We were talking about verbs that day and I had the students play “verb bingo” by looking for the verbs on the grid as I called out the different words. When the bell rang for lunch, I had the kids give me their bingo chips and boards as I walked around to their seats. When I got to the boy’s seat who had been gone, he handed me his papers, looked straight into my eyes and said "thank you" with a huge smile on his face. He reached his hand out to shake mine and I started getting tears in my eyes. I said "your welcome" and told him he was doing a good job. He was the last one in the room and before he left, I had to go to the corner and face away from him so he wouldn’t see me crying. He said, “have a nice day.” I managed to respond to his polite comment and told him to have a nice day as well.

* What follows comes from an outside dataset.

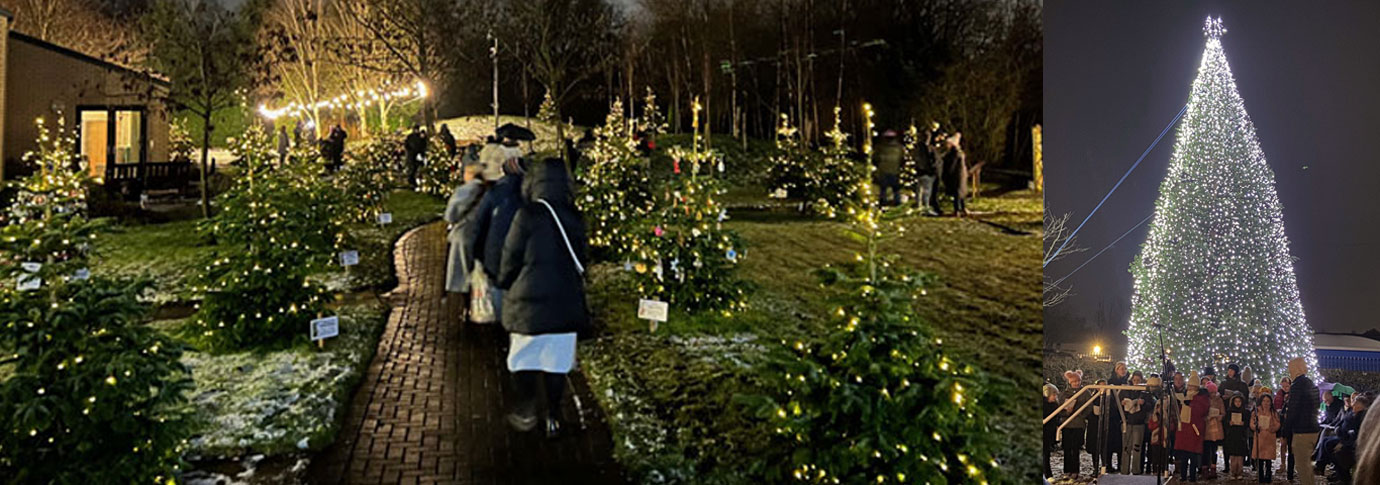  Pictured left: Wigan and Leigh Hospice decorated gardens. Pictured right: Performers in front of the magnificent tree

At that point, for the first time since being in this country, I truly realized what my purpose is here. I felt as though I had been lifted out of this fog and could see my future here so much more clearly. This student’s simple remark of “thank you” and the smile that came with it, made all the hardships of the past six months worth it.
My mom has been a teacher for 30 years and my sister for nine years. I’ve heard them tell countless stories over the years of those students who said or did the most amazing things that reminded them why they love teaching. It’s not a job they took for the summer vacations or snow days, it’s a job they took to change a child’s life. After all these years of hearing their stories and not completely being able to relate to them, today I’m happy that I can.
The next day that is challenging, frustrating, and leaves me wondering what I’m doing here, I hope I can remind myself the way I felt this week and the way I made that boy feel after his time in my class.